Arman: Jaksa Murtika Bisa Ditindak
Jaksa Agung Abdul Rahman Saleh menyilakan KPK (Komisi Pemberantasan Korupsi) memeriksa jaksa I Ketut Murtika terkait tuduhan Probosutedjo bahwa dia pernah kecipratan suap Rp 16 miliar saat menyidangkan kasus korupsi hutan tanaman industri (HTI) Rp 100,9 miliar.
Kejaksaan mendukung apa pun bentuk pengungkapan suap. Kita menghormati prosedur hukum, kata Arman -panggilan akrab Abdul Rahman Saleh- ditemui sebelum pulang berdinas di gedung Kejagung, Jakarta, kemarin.
Menurut dia, Kejagung siap menjatuhkan sanksi jika KPK menemukan bukti kuat bahwa Murtika menerima suap. Sanksinya tegas, termasuk pencopotan. Semua diatur dalam PP No 30/1980 (tentang penerapan sanksi terhadap PNS yang melakukan tindakan indisipliner sekaligus pelanggaran kepegawaian), jelas mantan hakim agung di MA itu.

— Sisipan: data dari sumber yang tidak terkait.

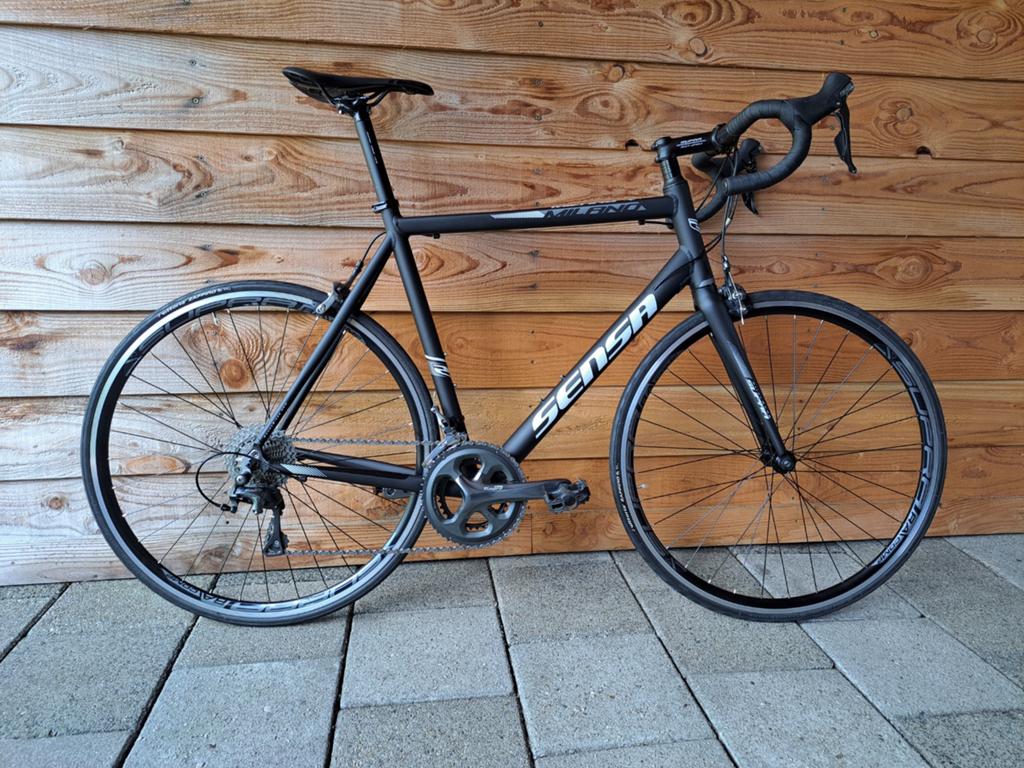 Sensa Milano herenmodel mat zwart/wit, Fietsen en Brommers, Aluminium, Zo goed als nieuw, 57 tot 61 cm, Meer dan 20 versnellingen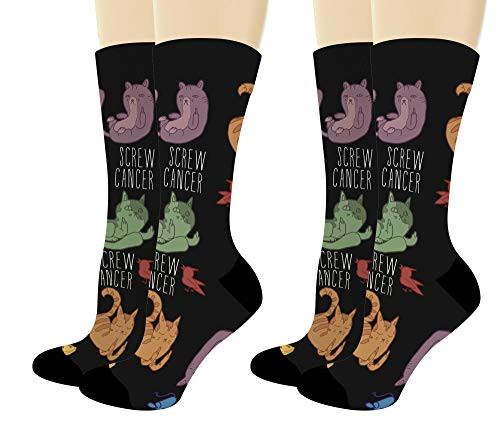 Beat Cancer Gifts Screw Cancer Cat Middle Finger Socks Last Chemo Socks 2Pairs Novelty Crew Socks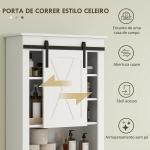 Móvel sobre Sanita com Porta de Correr Estilo Celeiro e 6 Compartimentos Móvel Casa de Banho Rústico 67x25x172 cm Branco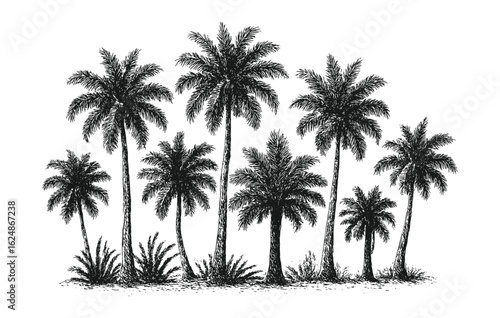 Artistic black and white palm trees in vintage tropical style, lined in a row.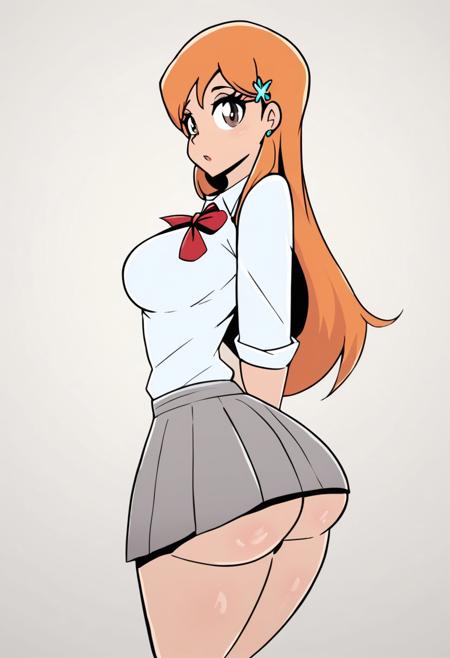 score_9, score_8_up, score_7_up,1girl, solo, bimbo,Orihime Inoue, doughroom \(artist\, @doughroomn, long hair, orange hair, brown eyes, school uniform, grey skirt, white shirt, wide hips, toned ass, hands behind back, looking at viewer, overall detail, masterpiece, detailed clothes, white background, highly detailed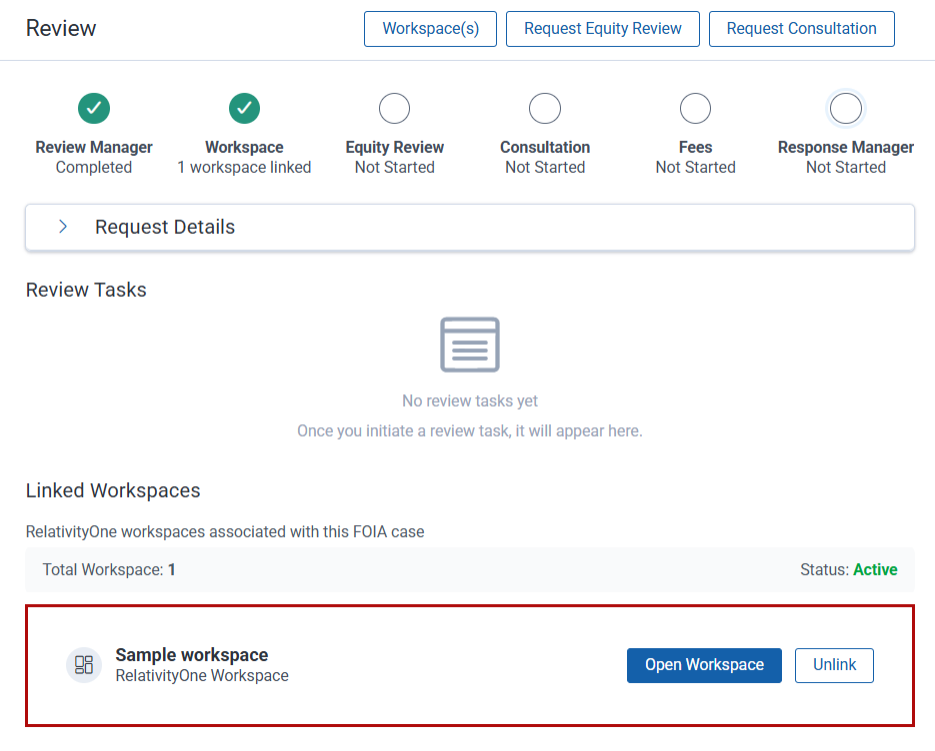 On the review landing page, the linked workspaces sections lists the workspaces associated with this request.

Kejagung juga tidak tinggal diam. Sebelum KPK jemput bola, Arman meminta laporan JAM Pidsus Hendarman Supandji. Murtika adalah anak buah Hendarman di JAM Pidsus yang menjabat Plh direktur pelanggaran berat HAM sekaligus koordinator tim penyidik kasus kredit macet PT Lativi Media Karya (LMK) RP 328,5 miliar. Saya sudah meminta laporan JAM Pidsus. Saya juga minta yang bersangkutan ditanya, kata Arman.
Kapuspenkum Masyhudi Ridwan menegaskan, JAM Pengawasan Achmad Lopa juga akan memeriksa Murtika. Selain minta laporan resmi, Pak JAM Pengawasan akan meminta klarifikasi dari Murtika, ujarnya dalam jumpa pers kemarin.
Arman menegaskan, Kejagung mengedepankan asas praduga tidak bersalah dalam menyikapi tuduhan suap atas anak buahnya. Dia menunggu laporan resmi pelapor dan hasil pemeriksaan internal. Pria kelahiran Pekalongan 1951 itu menyerahkan mekanisme penindakan PNS jika memang ada indikasi kuat Murtika menerima suap.
Sekarang dia (Murtika) membantah. Ya, kita tunggu saja. Kan ada penyidikan selanjutnya, jelasnya. Hingga kini, dia tidak akan mempercayai pernyataan lisan pihak luar, termasuk Probosutedjo.
Apakah terpojok atas tuduhan Probo? Arman mengaku tidak. Orang mau ngomong apa saja, silakan. Boleh saja. Tapi, kalau ngomong soal hukum, kan harus jelas dasarnya. Buktinya apa, tuturnya.
Masyhudi menyatakan bahwa Kejagung belum menindak jaksa yang diduga menerima suap. Sebab, bisa saja tuduhan lisan itu sekadar mengungkit sakit hati atas sikap jaksa yang menolak berkompromi. Jangan-jangan nama jaksa dan hakim dijual oleh pengacara untuk mengeruk keuntungan pribadi dari terdakwa. Semua itu bisa saja, ujar Masyhudi setengah membela Murtika. (agm)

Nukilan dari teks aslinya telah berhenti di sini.